[Data for processing — start]

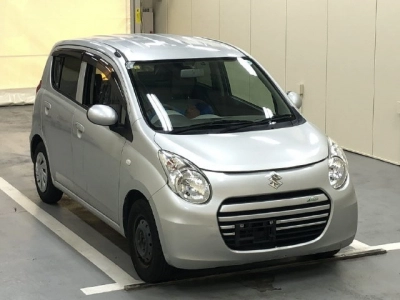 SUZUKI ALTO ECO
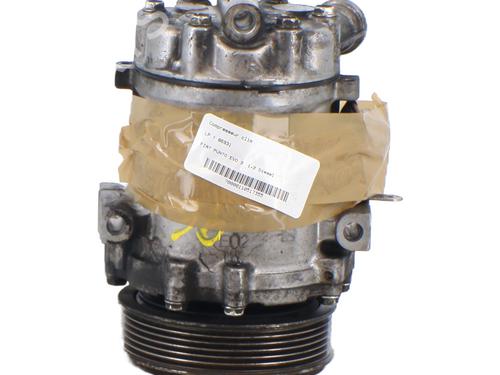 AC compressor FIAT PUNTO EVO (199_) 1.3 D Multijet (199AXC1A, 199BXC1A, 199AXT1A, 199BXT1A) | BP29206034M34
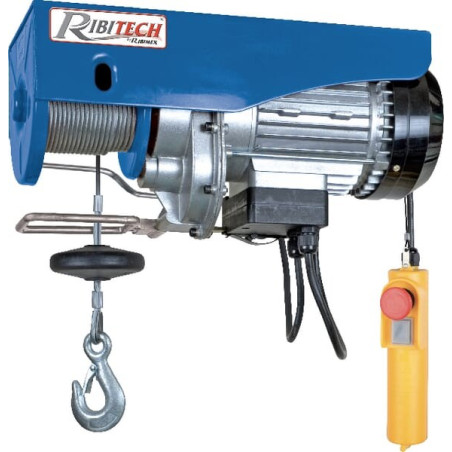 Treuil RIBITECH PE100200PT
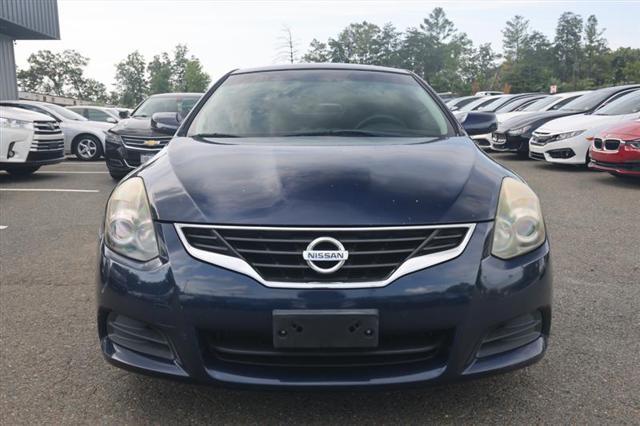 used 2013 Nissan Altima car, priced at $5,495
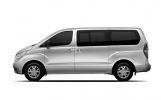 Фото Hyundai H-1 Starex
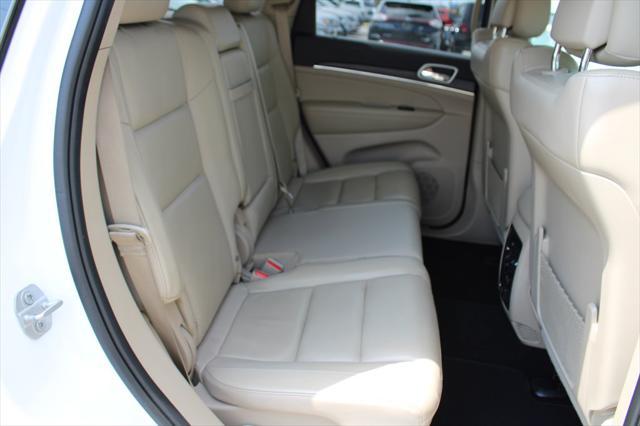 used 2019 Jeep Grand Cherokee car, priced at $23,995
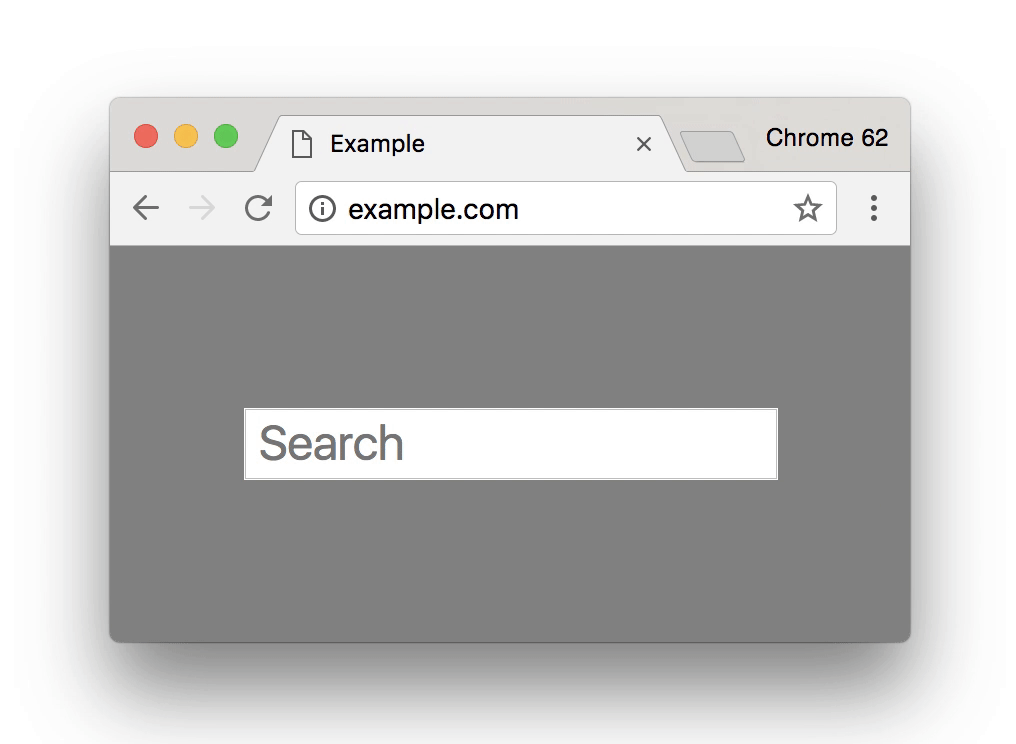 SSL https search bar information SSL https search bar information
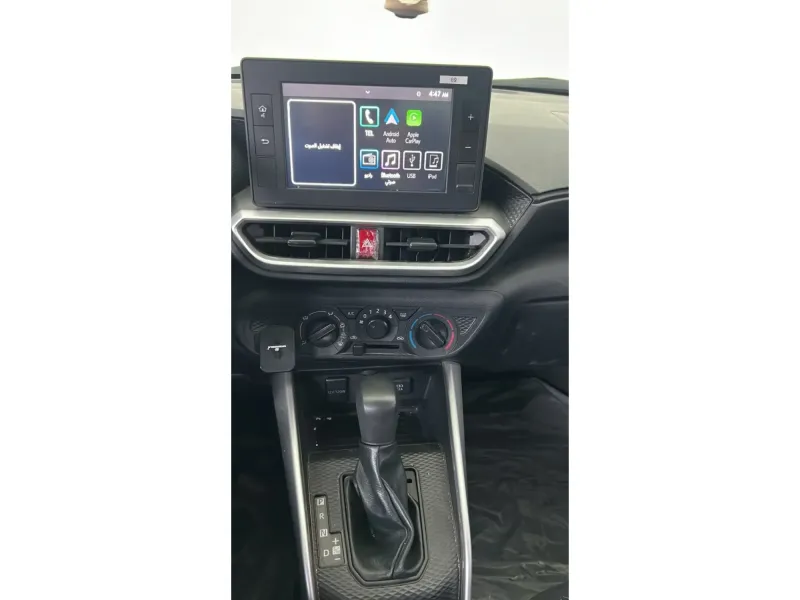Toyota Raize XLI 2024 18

[Data for processing — finish]
[Data for processing — start]

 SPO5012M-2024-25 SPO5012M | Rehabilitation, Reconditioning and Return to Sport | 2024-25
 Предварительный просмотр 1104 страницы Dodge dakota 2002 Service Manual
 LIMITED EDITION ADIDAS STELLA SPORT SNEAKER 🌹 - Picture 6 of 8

[Data for processing — finish]
[Data for processing — start]

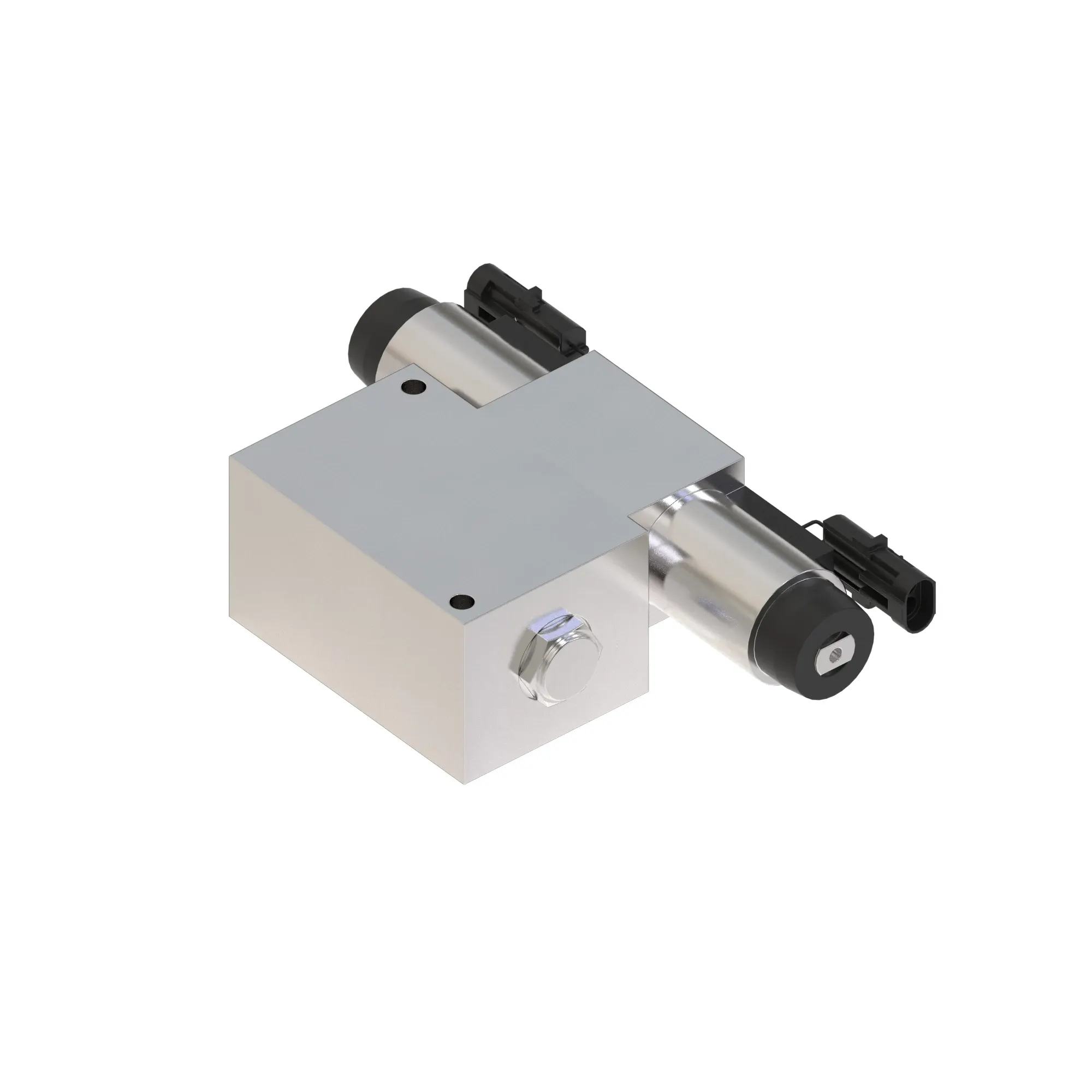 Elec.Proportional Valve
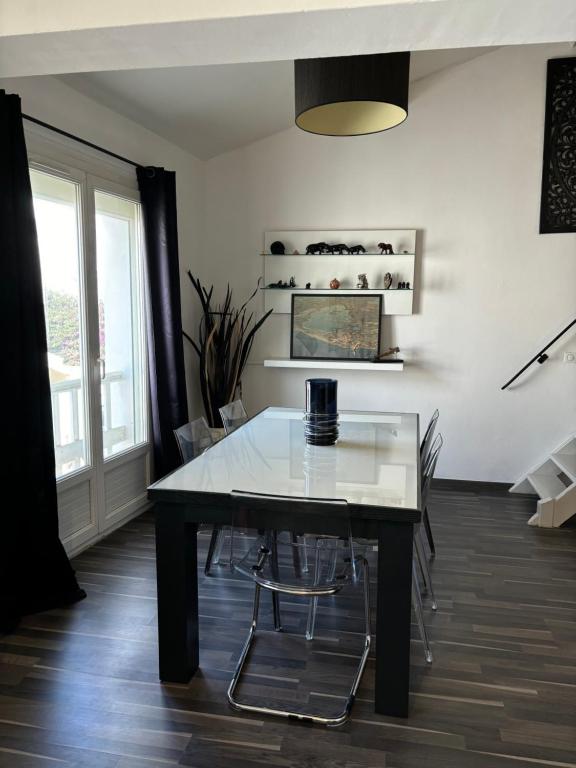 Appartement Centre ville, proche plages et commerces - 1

[Data for processing — finish]

» Assignment: Starting with the line that has "used 2013 Nissan" and ending with the line that has "Toyota Raize XLI 2024 18", repeat the lines above exactly, omitting every picture.

» Reply:
 used 2013 Nissan Altima car, priced at $5,495
 Фото Hyundai H-1 Starex
 used 2019 Jeep Grand Cherokee car, priced at $23,995
 SSL https search bar information SSL https search bar information
Toyota Raize XLI 2024 18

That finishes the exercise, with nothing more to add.